All of these implements of pleasure and pain are shot in the same overlit way as everything else in this movie; director Sam Taylor-Johnson approaches every scene with a flat lighting scheme that makes the movie look like a PG-13 body swap comedy from the early 00s. There are one or two sequences that look interesting, especially the Anastasia/Christian board room negotiation (the buttplug scene), but every other bit of this movie is boring looking. Even the sex scenes are shot and edited with what seems to be a generic Sexytime template.
Fifty Shades of Grey’s biggest sin is being incredibly boring; as the film grinds on in its last hour it becomes clear that nothing is going to happen and that Kelly Marcel’s awful, tin-eared script (seriously, this movie has some of the most atrocious dialogue committed to screen in years) is just going to run again and again over the same ground - Christian trying to get Anastasia to sign his contract, Anastasia trying to understand why Christian won’t snuggle with her.

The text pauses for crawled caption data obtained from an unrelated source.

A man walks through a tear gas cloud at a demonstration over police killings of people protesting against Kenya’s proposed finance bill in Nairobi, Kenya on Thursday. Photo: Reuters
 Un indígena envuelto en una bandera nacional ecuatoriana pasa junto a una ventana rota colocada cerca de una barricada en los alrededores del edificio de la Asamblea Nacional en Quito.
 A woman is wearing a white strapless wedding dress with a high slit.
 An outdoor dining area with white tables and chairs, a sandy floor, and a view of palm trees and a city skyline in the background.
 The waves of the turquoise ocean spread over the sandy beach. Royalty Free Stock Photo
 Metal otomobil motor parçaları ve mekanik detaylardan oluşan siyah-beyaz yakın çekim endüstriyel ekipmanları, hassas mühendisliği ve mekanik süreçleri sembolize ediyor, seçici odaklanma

I’m sure this is faithful to EL James’ novel, and I’m sure that these lengthy sequences of the two standing around talking about sex come from James’ status as some kind of profound amateur outsider artist with absolutely no sense of drama or storytelling. The film’s intense commitment to being dull makes you long for vampires and werewolves; as bad as Twilight was at least it had these amusing trappings around the edges. Fifty Shades of Grey could have used some metaphor laid over its skeletal drama. Or it should have kept the course of the first act, embracing the incredible silliness of the terrible source material.
At least Johnson is good. If the movie ever gets near sexy it’s completely because of her; she can be silly and she can smolder, and she can go from one to the other in a heartbeat. She’s trapped in this franchise (I do not understand how there are going to be two more instalments of this shit), like Anastasia in some tricky rope, but I hope that this film serves as a launching pad for bigger and better things. She has so much natural life and humanity that she is even able to pierce through the grey fog of bullshit that is this movie.